Aim of the exercise: Find every line below where the word "white" occurs, then give how many you found and nothing else.

═════ Input material

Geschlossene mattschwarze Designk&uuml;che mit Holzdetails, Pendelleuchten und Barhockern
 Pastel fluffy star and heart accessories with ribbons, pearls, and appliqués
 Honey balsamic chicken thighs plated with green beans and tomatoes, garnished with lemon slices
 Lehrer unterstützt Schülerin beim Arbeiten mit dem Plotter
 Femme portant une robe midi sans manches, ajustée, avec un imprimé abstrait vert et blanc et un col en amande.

══════════
═════ Input material

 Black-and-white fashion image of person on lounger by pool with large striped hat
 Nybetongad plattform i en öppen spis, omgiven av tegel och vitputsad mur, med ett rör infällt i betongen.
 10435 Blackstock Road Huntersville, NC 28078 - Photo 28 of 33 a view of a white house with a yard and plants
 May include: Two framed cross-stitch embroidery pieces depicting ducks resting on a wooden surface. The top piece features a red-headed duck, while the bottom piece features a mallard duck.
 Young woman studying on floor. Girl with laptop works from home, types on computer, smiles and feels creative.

══════════
═════ Input material

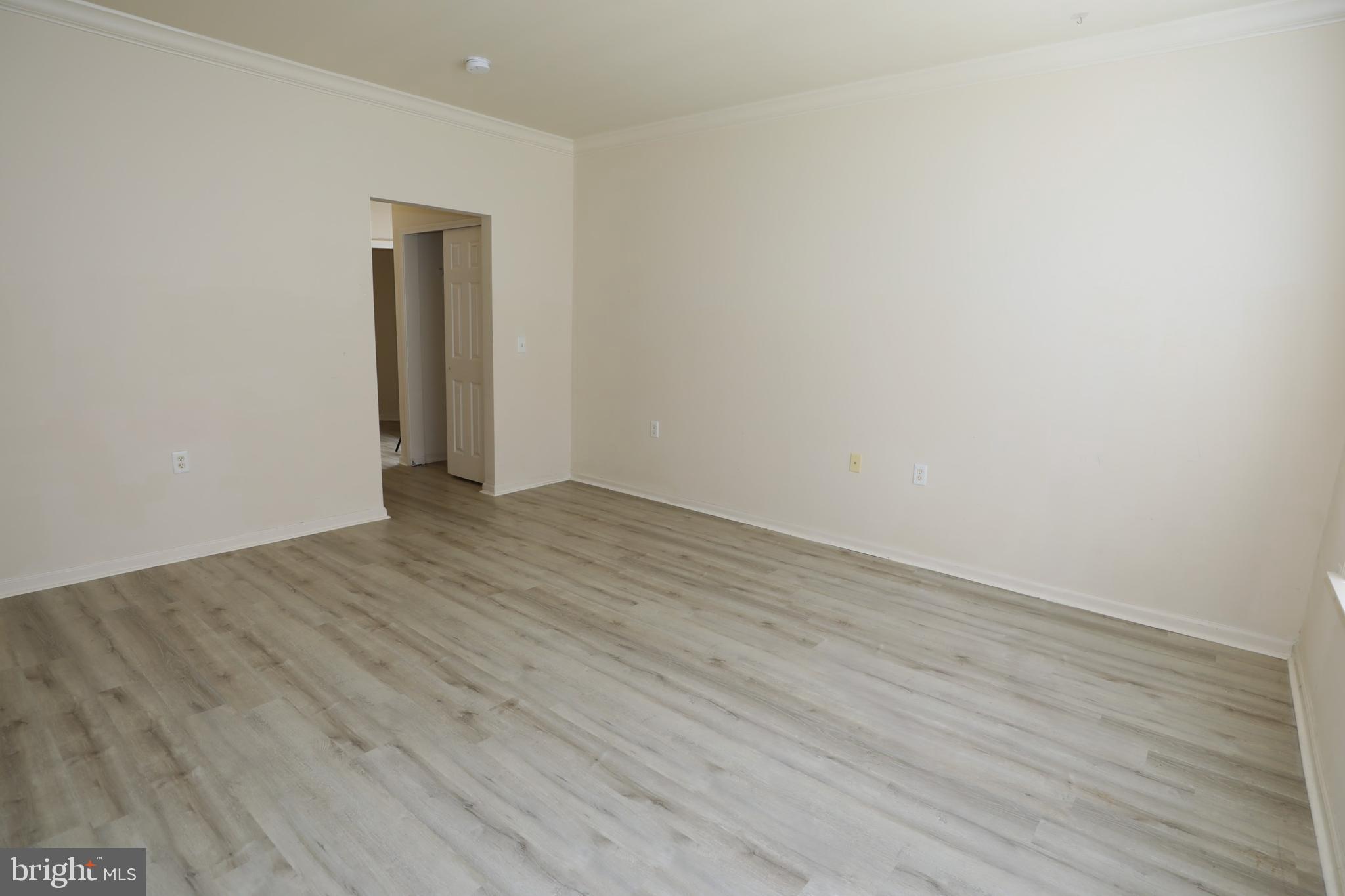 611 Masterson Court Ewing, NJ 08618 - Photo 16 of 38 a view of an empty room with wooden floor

══════════

Task answer: 2